I did the same my rocks just for piece of mind


----------



## lynnedit (Mar 3, 2013)

Use them! If there are from an area free of sprays or weed killers.
Rinse them off well, use boiling water if you want, then let them dry. The sun is a great sterilizer.
I just rinse them off and use them, like JD.


----------



## Kirin (Mar 3, 2013)

You can also use a LITTLE of bleach and water to sanitize them and then rinse them well and let them sit in the sun to dry. If you can do that for a baby then you can do the same for your tortoise. I have done this with a lot of different animals and have never had a problem. I do make sure that I rinse very well and let fully dry in the sun.


----------



## ~Amanda~ (Mar 3, 2013)

Thanks for the answers! Boiling isn't hard to do and it's worth the piece of mind so I'll go with that to be sure.


----------



## ~Amanda~ (Mar 8, 2013)

So I boiled the rocks and they're now clean and inside the enclosure 

This brings me to a related question, *can I do the same with sticks/logs?* The driftwood at the pet store is too large for I what I want so I figured I could find a bunch of different sized sticks/logs in the woods behind my house. I feel like it's easier for bugs and such to hide themselves in wood, so is it possible to clean?


----------



## Jacqui (Mar 8, 2013)

You could do the the washing in bleach, rinsing, and sun dry or you could bake them.


----------



## ~Amanda~ (Mar 8, 2013)

Jacqui said:


> You could do the the washing in bleach, rinsing, and sun dry or you could bake them.

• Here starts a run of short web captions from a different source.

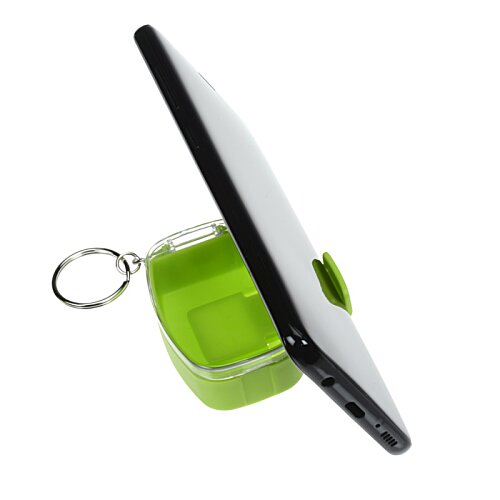 Silicone Straw in Phone Stand Case- Closeout Image 2 of 4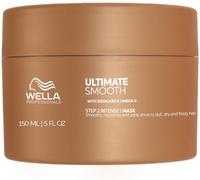 Eryi-Wella Professionals Ultimate Smooth - Shampoing, Après-Shampoing, Masque & Sérum Huile Miracle - À Base De Squalane Et D'oméga-9 Pour Cheveux Secs, Ternes Et Frisés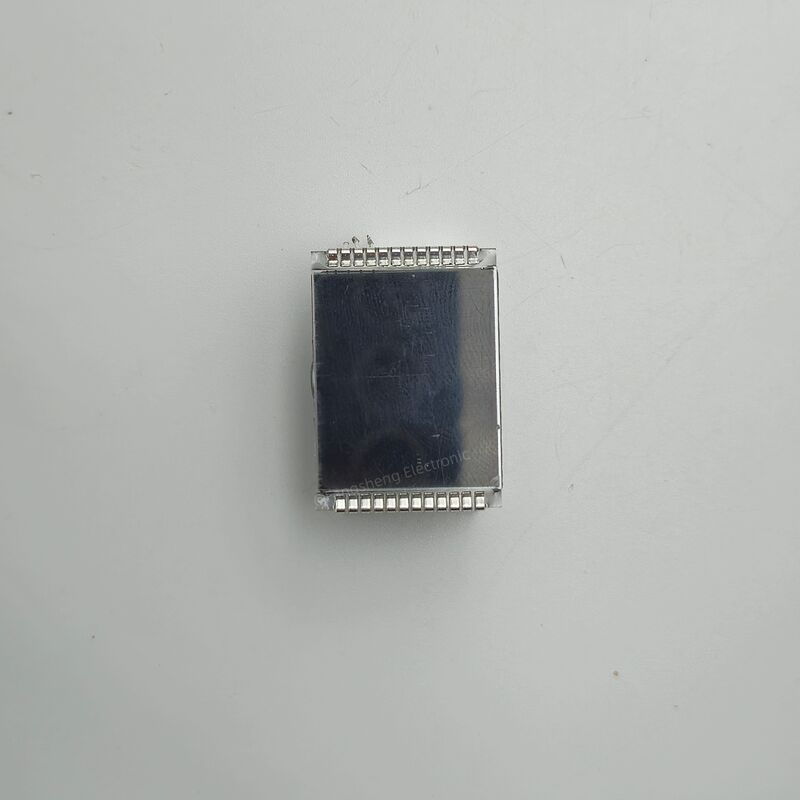 Custom Segment LCD Display Factory TN HTN VA Monochrome 7 Segment LCD Screen for Meter Gauge Instrument Panel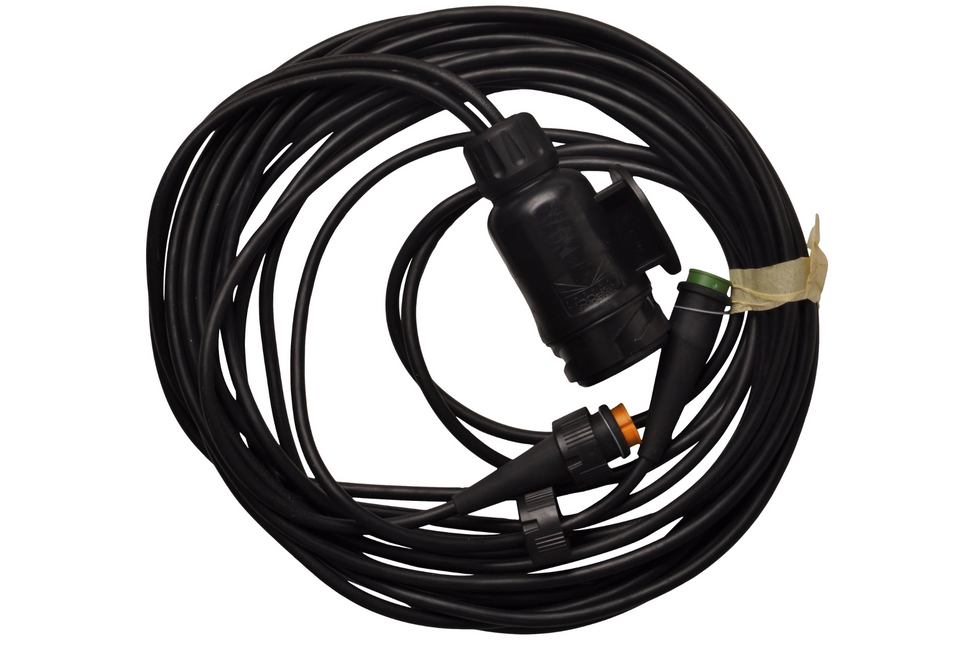 Aspock Aspöck Kabelsatz - 5 Meter lang - 13-polig -  Anhängerkabel mit 2x 5-poligem Stecker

I like the idea of baking them. How long and at what temperature? They aren't very big (all under a foot long, the largest being about the thickness of an arm and the smallest being a finger or two)
Just looking for a ballpark because I'm not sure if I should bake them for five minutes or two hours. 
Thanks again


----------



## Team Gomberg (Mar 8, 2013)

A member here bakes her substrate at 250 degrees for 2 hours veggie using it in the enclosure. I would imagine that would work for your sticks too.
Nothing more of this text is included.